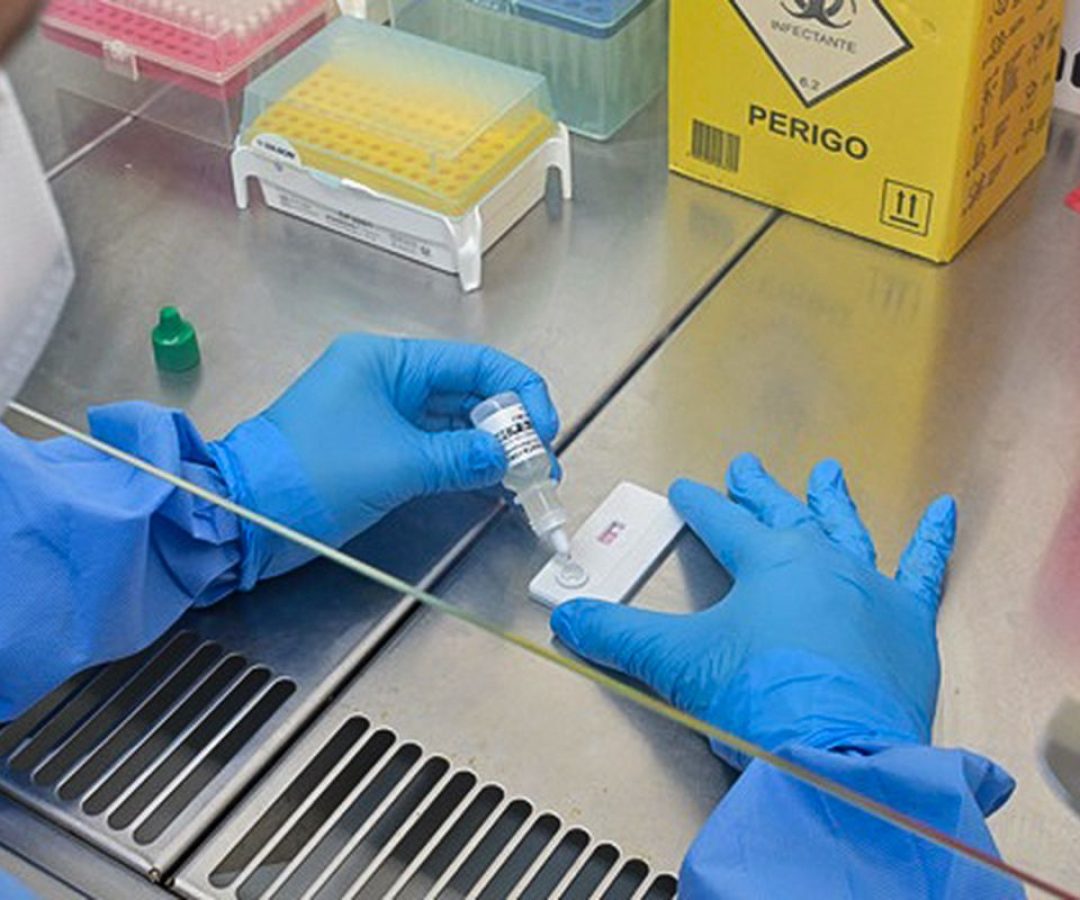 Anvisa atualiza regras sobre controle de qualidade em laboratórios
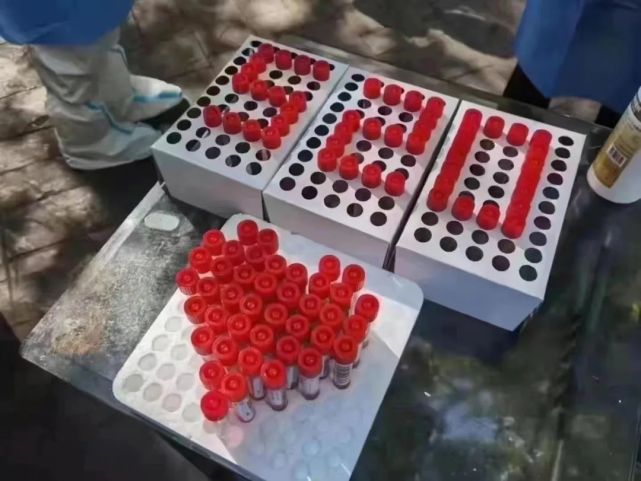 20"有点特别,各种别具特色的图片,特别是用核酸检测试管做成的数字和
════════
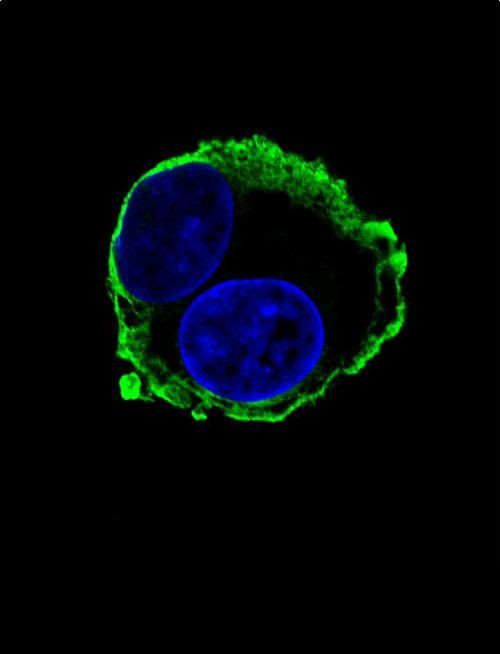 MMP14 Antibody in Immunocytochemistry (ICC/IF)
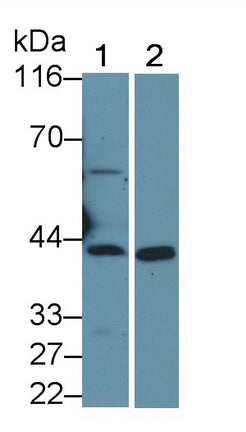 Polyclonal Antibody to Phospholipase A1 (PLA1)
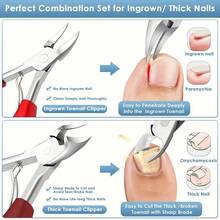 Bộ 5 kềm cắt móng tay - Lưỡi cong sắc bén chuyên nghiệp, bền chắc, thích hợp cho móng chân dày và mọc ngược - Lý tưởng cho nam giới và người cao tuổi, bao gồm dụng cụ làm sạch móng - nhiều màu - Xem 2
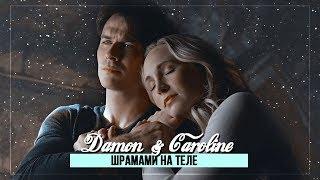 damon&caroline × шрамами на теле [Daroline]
════════
## TASK BRIEF:
Could you repeat, exactly, only the lines above starting at the one that has "Polyclonal Antibody to" and stopping after the one that has "damon&caroline × шрамами на теле [Daroline]", without the pictures?

## WRITTEN RESPONSE:
 Polyclonal Antibody to Phospholipase A1 (PLA1)
 Bộ 5 kềm cắt móng tay - Lưỡi cong sắc bén chuyên nghiệp, bền chắc, thích hợp cho móng chân dày và mọc ngược - Lý tưởng cho nam giới và người cao tuổi, bao gồm dụng cụ làm sạch móng - nhiều màu - Xem 2
 damon&caroline × шрамами на теле [Daroline]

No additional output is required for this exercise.